How to Control Density in Sparse Binary Encodings
Sparse binary encodings (BSDC family) work best when the fraction of 1-bits (density) stays well below 0.5. The sections below show how to measure density and keep it bounded during bundling.
Measuring density
Density is simply the mean of a binary hypervector’s data array:
import pyhdc
enc = pyhdc.BSDC_S(dimension=10_000)
hv = enc.generate()
print(f"density = {hv.data.mean():.4f}") # ~= 0.01
The density growth problem
BSDC uses bitwise OR for bundling. OR can only turn bits on, so repeated bundling drives density toward 1.0:
enc = pyhdc.BSDC_S(dimension=10_000)
result = enc.generate()
print(f"step 0: density = {result.data.mean():.4f}")
for i in range(1, 21):
result = result.bundle(enc.generate())
if i % 5 == 0:
print(f"step {i:2d}: density = {result.data.mean():.4f}")

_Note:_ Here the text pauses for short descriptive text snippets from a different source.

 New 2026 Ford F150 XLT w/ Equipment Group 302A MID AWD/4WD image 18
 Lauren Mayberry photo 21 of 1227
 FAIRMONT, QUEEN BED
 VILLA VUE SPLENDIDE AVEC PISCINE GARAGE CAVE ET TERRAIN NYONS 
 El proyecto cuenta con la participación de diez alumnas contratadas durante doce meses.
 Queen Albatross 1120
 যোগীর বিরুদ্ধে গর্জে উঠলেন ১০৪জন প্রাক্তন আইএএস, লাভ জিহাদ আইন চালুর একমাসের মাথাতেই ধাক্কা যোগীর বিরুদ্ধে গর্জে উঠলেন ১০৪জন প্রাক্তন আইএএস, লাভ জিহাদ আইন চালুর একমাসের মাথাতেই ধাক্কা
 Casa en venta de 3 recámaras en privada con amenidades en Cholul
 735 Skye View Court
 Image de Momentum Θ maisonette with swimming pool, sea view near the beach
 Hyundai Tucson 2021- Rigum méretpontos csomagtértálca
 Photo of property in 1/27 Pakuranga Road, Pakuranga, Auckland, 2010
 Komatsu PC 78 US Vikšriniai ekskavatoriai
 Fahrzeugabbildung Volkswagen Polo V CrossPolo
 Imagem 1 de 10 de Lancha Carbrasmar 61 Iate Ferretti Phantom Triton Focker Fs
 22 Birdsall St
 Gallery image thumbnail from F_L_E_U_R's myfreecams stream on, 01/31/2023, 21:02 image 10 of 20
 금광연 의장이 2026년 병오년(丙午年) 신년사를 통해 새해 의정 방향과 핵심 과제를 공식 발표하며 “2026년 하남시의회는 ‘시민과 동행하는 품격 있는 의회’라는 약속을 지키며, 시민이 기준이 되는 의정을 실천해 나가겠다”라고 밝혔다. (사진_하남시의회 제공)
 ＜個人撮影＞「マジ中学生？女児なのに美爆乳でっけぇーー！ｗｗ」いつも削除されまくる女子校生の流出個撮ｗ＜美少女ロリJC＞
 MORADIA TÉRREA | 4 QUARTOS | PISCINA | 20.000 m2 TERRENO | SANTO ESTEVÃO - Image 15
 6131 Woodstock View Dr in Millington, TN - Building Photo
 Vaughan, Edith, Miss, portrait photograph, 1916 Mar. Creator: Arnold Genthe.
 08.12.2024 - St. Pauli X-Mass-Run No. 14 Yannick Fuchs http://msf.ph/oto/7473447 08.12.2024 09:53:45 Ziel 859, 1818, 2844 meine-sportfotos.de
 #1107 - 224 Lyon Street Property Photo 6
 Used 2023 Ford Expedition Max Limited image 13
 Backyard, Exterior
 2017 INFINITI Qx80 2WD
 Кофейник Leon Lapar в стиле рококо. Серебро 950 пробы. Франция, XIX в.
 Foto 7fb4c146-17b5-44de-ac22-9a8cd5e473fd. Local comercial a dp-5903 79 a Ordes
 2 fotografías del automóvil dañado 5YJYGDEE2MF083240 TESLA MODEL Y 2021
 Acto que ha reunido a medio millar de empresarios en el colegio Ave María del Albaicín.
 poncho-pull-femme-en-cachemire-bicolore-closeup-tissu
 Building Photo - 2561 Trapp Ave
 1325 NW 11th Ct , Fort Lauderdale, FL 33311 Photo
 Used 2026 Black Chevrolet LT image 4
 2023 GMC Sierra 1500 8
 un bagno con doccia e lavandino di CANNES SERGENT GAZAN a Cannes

# density increases with each step
Solving it with BSDC_THIN
BSDC_THIN applies random thinning after each OR step; bits
are randomly cleared until the density returns to the initial level:
enc = pyhdc.BSDC_THIN(dimension=10_000)
result = enc.generate()
print(f"step 0: density = {result.data.mean():.4f}")
for i in range(1, 21):
result = result.bundle(enc.generate())
if i % 5 == 0:
print(f"step {i:2d}: density = {result.data.mean():.4f}")
# density stays stable throughout
Using DisjunctionThinned directly
If you are building a custom pipeline with the components submodule, you can access the thinned OR operation directly:
from pyhdc.components.bundling import DisjunctionThinned
import numpy as np
a = enc.generate().data
b = enc.generate().data
result = DisjunctionThinned(a, b, target_density=0.05)
Density guidelines
Density |
Dimension |
Notes |
|---|---|---|
≥ 0.1 |
Any |
Dense binary; more like BSC; less sparse-binary advantage |
0.01–0.05 |
≥ 1,000 |
Recommended BSDC range; good balance of capacity and stability |
≤ 0.01 |
≥ 10,000 |
Very sparse; high capacity; need large D for enough 1s per vector |
Lower density means greater orthogonality between random vectors and higher theoretical capacity, but too-low density at small dimensions means each vector has very few 1s, making similarity estimates noisy.